“I got to work with the Wolverine,” Ray Romano told Deadline at TIFF of his latest film Bad Education. “It was fun. He tap-dances, by the way. He was in the trailer next to me, and I would hear.” Romano is, of course, talking about Hugh Jackman.
Based on true events, Bad Education follows the story of Long Island school superintendent Frank Tassone (Jackman) and his assistant superintendent for business, Pam Gluckin (Allison Janney) as they embezzle the school system—only to be caught out by a smart student reporter Geraldine Viswanathan. Romano plays faculty member Bob Spicer.
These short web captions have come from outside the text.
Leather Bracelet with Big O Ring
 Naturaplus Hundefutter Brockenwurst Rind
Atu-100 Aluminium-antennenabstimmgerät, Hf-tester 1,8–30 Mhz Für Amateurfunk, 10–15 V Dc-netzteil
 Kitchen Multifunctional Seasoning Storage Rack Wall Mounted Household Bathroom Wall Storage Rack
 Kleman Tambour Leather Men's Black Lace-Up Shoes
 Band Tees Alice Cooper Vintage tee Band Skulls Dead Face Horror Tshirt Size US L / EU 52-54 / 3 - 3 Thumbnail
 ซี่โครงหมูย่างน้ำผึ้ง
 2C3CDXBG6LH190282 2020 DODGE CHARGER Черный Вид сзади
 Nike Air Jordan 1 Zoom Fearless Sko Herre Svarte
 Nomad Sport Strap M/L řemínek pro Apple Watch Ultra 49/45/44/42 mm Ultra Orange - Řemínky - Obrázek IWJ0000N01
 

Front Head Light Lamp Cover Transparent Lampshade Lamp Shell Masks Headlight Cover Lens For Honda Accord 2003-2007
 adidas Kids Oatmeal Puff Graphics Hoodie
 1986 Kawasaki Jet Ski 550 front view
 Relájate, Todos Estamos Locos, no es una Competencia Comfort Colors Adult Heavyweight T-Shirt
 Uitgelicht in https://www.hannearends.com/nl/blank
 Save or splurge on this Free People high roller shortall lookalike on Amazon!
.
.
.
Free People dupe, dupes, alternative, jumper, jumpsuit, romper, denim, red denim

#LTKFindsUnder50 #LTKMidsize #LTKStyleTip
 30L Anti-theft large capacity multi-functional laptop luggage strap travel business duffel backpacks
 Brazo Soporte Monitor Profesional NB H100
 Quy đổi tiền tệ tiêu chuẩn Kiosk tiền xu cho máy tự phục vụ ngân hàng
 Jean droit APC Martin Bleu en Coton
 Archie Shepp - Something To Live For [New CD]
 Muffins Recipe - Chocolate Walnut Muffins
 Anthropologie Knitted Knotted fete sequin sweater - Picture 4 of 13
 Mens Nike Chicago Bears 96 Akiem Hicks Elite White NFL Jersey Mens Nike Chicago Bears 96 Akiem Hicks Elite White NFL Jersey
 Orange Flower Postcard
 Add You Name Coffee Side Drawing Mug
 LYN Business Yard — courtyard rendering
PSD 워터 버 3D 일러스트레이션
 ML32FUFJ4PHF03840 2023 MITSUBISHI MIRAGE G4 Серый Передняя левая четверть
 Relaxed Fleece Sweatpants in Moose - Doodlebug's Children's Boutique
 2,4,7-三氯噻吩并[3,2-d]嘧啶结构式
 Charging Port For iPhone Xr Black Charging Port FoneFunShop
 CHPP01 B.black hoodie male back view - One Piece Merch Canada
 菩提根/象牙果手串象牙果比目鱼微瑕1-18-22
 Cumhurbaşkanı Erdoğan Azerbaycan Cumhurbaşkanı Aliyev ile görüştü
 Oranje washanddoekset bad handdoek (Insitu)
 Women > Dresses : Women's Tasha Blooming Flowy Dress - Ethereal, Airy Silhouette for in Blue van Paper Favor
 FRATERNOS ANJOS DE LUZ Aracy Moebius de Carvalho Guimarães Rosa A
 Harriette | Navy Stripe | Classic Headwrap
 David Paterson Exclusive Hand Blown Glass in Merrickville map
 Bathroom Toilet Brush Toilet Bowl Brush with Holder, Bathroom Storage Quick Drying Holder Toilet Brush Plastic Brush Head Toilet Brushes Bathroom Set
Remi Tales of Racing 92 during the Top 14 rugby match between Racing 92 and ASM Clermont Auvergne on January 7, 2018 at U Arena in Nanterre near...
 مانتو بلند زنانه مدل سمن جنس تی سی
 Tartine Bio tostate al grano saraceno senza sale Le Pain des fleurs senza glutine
Janney found her character complex and interesting she said, particularly in regard to the motivation behind her embezzling. “I think that there’s a certain justification in her wanting to have what she didn’t have,” Janney said, “or give to her kids what she couldn’t give to her kids. Working in a school district like Roslyn School District, the kids were pretty affluent, and had things that she wanted her kids to have, and [she] felt that she had a right to give them those things… justifying bad decisions—that was what was fascinating to me.”
Screenwriter Mike Makowsky was a student in the area at the time of the scandal and Alex Wolff’s student paper editor character is loosely based on the writer.
“He is the head of the school newspaper,” Wolff said, “and he’s kind of this sardonic Mr. Sarcasm… He’s got a nice paradox in him. He’s making sure the paper does exactly the right thing, but at the same time, acts kind of cavalier about it. I liked hanging out with Mike, the writer, and getting an inspiration of how to be like a snot-nosed, little brat. It was really fun, and I love Mike. But he taught me how to do it very well.”
Director Cory Finley had originally felt the pull of the story not only because of a family connection to teaching, but because the story is so nuanced and thought-provoking.
“I read this script shortly after I did my first movie, Thoroughbreds,” he said, “and I connected to it on a bunch of levels. I come from a family of educators, and I’ve worked as an SAT tutor myself. This kind of an insane, true story about the largest embezzlement scandal in American public school history, and I just thought it was a wonderfully morally complex story, a really thrilling and funny story, and something that I wanted to spend the next several years of my life working on.”
The story felt timely to Finley, and he hopes audiences take away a new attitude toward trust and the balance of power. “In one sense, I think it’s a cautionary tale about putting blind trust in institutions, and in leaders,” he said. “Particularly when things are going really well, it’s very easy not to question the forces arrayed around us.”